[quote=AN][quote=CA renter]Yes, they are indirectly paying the property taxes for their landlords in most cases. This is exactly the group I want to help by freeing up more for-sale inventory at better prices. Most renters want to own, but are not able to because of inventory constraints due partly to Prop 13 and also the hordes of speculators who bid-up housing prices so they can have renters pay their mortgages/taxes/insurance/profits for them.
Though this isn’t related to Prop 13, I would also disallow GSE/FHA financing for investment properties and second homes, and eliminate the mortgage interest deduction for investment properties (all MID, actually).

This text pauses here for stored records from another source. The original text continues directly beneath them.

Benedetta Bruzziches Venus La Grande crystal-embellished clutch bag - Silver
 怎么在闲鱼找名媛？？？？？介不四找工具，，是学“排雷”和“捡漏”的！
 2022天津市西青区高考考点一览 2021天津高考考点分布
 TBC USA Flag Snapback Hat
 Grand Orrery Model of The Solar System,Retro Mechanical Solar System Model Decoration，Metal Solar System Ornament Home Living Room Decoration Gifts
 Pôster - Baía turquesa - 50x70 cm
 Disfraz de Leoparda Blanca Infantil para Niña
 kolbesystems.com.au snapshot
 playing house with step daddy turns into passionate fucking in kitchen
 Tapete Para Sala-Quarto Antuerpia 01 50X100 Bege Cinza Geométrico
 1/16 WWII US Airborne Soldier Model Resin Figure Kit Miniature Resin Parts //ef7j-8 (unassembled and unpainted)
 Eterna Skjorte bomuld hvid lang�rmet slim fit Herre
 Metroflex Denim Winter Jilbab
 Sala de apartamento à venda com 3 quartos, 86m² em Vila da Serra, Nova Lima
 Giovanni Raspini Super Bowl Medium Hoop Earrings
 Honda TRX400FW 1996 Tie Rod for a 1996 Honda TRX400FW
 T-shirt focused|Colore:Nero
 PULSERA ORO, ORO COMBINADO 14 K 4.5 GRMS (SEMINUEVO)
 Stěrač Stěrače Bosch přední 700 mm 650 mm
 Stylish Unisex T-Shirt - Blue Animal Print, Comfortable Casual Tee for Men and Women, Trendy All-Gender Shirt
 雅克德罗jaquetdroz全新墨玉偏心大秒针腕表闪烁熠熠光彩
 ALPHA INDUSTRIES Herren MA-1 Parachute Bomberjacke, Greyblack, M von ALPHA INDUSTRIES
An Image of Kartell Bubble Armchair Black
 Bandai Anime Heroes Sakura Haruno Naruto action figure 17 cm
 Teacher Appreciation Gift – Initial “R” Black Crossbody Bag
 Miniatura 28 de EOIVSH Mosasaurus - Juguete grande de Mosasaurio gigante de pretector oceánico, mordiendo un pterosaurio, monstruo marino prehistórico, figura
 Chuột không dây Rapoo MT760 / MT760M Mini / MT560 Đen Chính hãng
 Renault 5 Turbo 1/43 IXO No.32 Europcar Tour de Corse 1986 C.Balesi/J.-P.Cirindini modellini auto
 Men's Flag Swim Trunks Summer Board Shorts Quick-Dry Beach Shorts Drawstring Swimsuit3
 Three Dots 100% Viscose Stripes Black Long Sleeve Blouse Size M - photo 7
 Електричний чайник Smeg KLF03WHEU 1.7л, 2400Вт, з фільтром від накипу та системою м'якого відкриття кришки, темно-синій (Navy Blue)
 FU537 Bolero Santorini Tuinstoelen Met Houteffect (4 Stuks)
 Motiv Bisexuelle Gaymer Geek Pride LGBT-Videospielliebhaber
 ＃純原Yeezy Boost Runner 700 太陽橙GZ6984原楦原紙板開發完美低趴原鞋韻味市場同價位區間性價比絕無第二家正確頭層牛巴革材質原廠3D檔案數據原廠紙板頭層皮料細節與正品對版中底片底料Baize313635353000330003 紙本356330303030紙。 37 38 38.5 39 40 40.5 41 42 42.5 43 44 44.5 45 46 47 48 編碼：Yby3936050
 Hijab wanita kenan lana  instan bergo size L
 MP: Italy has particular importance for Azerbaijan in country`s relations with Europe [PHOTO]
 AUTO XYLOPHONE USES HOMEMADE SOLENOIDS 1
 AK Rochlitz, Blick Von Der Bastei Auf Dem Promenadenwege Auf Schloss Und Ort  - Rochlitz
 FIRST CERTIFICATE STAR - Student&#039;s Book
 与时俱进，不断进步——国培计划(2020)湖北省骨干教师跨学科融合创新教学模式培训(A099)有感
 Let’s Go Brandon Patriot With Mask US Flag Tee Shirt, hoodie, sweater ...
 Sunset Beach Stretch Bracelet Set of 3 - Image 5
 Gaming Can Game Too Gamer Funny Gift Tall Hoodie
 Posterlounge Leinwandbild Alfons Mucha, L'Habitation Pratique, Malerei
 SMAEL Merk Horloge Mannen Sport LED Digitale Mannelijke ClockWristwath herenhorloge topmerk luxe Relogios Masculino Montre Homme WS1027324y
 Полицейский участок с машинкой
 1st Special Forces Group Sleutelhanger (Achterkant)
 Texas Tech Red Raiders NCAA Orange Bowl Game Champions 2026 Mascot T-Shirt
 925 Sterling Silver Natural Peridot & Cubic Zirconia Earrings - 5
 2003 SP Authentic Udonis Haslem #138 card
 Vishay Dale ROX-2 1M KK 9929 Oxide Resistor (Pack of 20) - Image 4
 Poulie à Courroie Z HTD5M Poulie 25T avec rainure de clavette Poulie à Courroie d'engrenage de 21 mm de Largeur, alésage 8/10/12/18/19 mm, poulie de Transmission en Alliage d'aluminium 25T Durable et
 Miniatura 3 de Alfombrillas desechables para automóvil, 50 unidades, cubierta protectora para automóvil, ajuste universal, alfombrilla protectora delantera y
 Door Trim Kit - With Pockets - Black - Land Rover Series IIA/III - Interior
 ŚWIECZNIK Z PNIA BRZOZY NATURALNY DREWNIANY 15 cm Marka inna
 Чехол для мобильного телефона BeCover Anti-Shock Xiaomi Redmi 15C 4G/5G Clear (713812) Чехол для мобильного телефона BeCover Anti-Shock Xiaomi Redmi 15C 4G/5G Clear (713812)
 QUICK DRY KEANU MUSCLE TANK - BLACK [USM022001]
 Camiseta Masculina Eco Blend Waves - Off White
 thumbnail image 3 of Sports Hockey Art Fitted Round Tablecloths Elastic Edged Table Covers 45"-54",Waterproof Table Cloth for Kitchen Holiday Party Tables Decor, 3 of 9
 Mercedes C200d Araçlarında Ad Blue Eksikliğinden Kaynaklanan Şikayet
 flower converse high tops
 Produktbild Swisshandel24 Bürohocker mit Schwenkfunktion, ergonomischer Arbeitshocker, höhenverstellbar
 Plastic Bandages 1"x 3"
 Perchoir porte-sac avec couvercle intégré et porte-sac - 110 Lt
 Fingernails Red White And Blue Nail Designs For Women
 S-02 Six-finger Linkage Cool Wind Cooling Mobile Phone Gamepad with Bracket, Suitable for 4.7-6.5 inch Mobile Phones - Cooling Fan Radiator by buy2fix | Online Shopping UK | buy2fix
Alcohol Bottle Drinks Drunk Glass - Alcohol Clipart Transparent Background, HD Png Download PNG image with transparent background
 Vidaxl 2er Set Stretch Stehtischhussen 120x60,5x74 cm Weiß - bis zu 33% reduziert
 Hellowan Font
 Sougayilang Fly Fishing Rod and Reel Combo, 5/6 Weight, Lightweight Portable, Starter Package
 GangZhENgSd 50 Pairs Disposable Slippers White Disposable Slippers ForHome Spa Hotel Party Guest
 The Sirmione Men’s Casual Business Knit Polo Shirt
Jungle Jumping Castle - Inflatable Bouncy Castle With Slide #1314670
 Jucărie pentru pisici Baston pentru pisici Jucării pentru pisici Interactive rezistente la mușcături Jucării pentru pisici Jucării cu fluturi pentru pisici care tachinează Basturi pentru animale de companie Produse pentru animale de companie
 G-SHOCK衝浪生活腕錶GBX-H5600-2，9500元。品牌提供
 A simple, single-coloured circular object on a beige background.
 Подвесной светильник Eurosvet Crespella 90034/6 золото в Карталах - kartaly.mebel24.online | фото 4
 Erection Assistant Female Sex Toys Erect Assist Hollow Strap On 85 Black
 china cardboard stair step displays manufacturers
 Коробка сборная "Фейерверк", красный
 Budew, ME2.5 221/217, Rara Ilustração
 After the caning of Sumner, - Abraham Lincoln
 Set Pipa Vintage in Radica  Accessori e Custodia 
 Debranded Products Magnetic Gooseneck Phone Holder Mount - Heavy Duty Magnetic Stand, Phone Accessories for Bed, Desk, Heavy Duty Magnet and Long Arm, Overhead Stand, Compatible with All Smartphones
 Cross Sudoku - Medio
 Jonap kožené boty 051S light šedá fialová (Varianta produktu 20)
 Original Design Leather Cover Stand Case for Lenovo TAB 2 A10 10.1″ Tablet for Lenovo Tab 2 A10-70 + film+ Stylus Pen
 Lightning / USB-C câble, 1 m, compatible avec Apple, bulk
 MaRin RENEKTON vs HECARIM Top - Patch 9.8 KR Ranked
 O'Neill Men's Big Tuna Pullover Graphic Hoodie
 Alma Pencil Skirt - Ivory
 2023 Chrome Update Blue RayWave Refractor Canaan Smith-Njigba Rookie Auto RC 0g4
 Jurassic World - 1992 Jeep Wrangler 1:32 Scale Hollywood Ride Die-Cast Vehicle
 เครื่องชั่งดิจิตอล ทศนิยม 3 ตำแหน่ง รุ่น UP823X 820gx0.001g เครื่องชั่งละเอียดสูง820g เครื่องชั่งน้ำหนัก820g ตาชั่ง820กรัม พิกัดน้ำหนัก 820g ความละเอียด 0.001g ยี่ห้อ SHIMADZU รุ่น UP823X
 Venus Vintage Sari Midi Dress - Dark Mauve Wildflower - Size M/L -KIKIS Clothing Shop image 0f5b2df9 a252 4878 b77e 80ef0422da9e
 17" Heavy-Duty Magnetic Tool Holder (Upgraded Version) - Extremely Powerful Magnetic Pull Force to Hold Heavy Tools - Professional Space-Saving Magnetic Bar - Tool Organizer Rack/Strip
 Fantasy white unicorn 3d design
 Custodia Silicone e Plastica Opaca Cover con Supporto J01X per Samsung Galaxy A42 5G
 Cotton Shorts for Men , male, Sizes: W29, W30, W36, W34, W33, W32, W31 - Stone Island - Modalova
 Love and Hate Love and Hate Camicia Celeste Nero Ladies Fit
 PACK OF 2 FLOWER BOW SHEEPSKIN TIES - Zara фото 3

I would also favor changing the rules regarding “stepping-up” the cost basis of housing upon the death of an owner (for the benefit of the heir/beneficiary), and exchange that for an inflation adjustment to the cost basis for all real estate sold by anyone, not just lucky heirs. This would free up a lot of RE that people are holding onto in order to avoid the tax consequences of selling before the death of the original or long-term owner.[/quote]You still fail to see that the renters are subsidizing you, a home owner, as much as those landlord you seem to hate so much. Fact is, like it or not, you as a home owner, is taking subsidies from the poorer people of this state. If you want change, why not start w/ the person in the mirror, like Michael Jackson said so eloquently.
BTW, do you own a long term rental? If yes, would you sell if your cost of owning that property goes up a few thousands a year? IIRC, you rented from a long time landlord at a very good price. Would you think you would have gotten that rental price if their cost is higher?
Again, you’ve provided no proof that removal of prop 13 on non primary would force long time land lord to sell or it would prevent people who want to be landlord from buying.[/quote]
How are they subsidizing me? I’m paying full, market-rate property taxes.
Yes, my long-time LL was an original owner, and was kind enough to “share” the benefit of their Prop 13 subsidy with us by keeping us at below-market rents (started at market rate, and was raised after the first year, per the lease agreement, and then once by us over the years). But that’s because we were excellent tenants who paid rent 6-12 months in advance, handled (and paid for) all of the small repairs/maintenance, and many of the more expensive repair/maintenance items and upgrades…and raised our own rent in order to control the increase and maintain goodwill with the LL.
And yes, an increase in property taxes would most definitely make me reconsider holding onto a property that was older (and in need of more maintenance), and worth a lot of money. This is especially true if other investments begin to look relatively more lucrative given the carrying costs — including the higher property taxes — and risks of keeping the home vs. more passive investments.
We are watching this closely because we’re probably going to inherit a couple of properties in desirable areas in the future. One of these is paid-off, and has been in the family for a couple of generations. Changes to Prop 13 for investment properties will absolutely factor into our decision-making process.
BTW, never said it would prevent current prospective landlords from buying, mostly just the long-time owners who are currently paying well below-market property taxes. Of course, in the desirable areas, there are very few “new” landlords because it’s rare for rents to cover the carrying costs of owning in these higher-cost areas, especially if the deal is financed.